John Meszaros has retired several times. He finally left the world of advertising just three years ago and now lives in a thatched cottage in Northamptonshire. He keeps busy using his recently acquired computing skills to transfer his huge collection of commercials on to disc, while wondering whether to 'cobble something together' from 30 years or so of his diaries.
They ought to make interesting reading. Meszaros is one of the more unusual clients of the past few decades. A Hungarian refugee, who went from Welsh miner and Sainsbury's chicken plucker to head the marketing for Volkswagen and Audi, he not only oversaw some of the most famous and effective campaigns of the century but went on to write award-winning advertising himself.
Meszaros came to England in the late 50s as a trainee miner and then took an opportunity during a strike to leave his base in Pontypridd and set out for London.
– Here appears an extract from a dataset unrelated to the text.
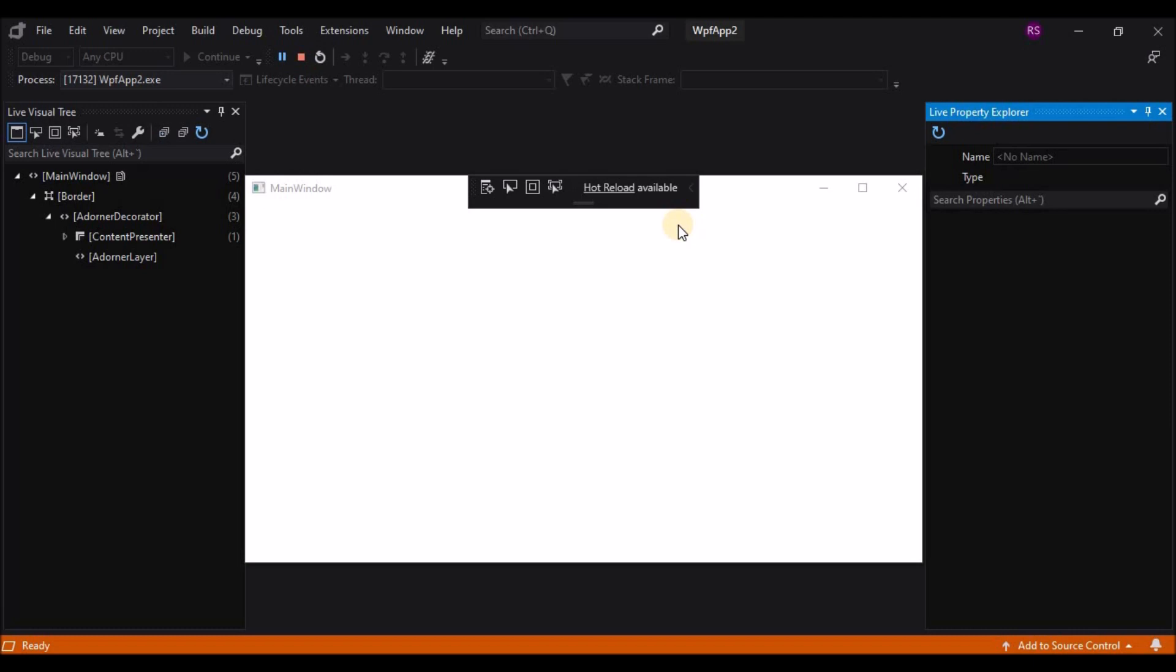So as you can see, we have this toolbar on the window. So first, let's stop the application.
In 1968, after spells spent as a hotel porter in Baker Street and plucking chickens in a Sainsbury's store, he took a job at VW cleaning cars. Then he was promoted into an office job and in 1975 he was asked if he wanted to do a bit of marketing. 'I said 'yes please',' Meszaros remembers.
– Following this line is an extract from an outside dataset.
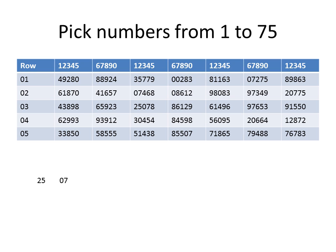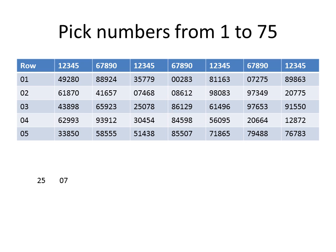All well and good. The next one, you'll have to go over a couple of columns. You get an 8 and an 8. Can't use it. It's too big. We only wanted numbers from 1 to 75, as you see here. So we skip 88. The next one over is 61. Let's put that down.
As the head of marketing for Audi and VW in the UK, Meszaros worked with Bartle Bogle Hegarty and DDB on a number of famous advertising campaigns.
Audi went to BBH as one of its first clients, with Meszaros at the helm, and early on in the relationship the agency came up with the idea that found its way into British culture. The 'vorsprung durch technik' campaign was designed to give the brand more German credibility. 'After 'bier, bitte', the other German that the English know is vorsprung durch technik,' Meszaros says.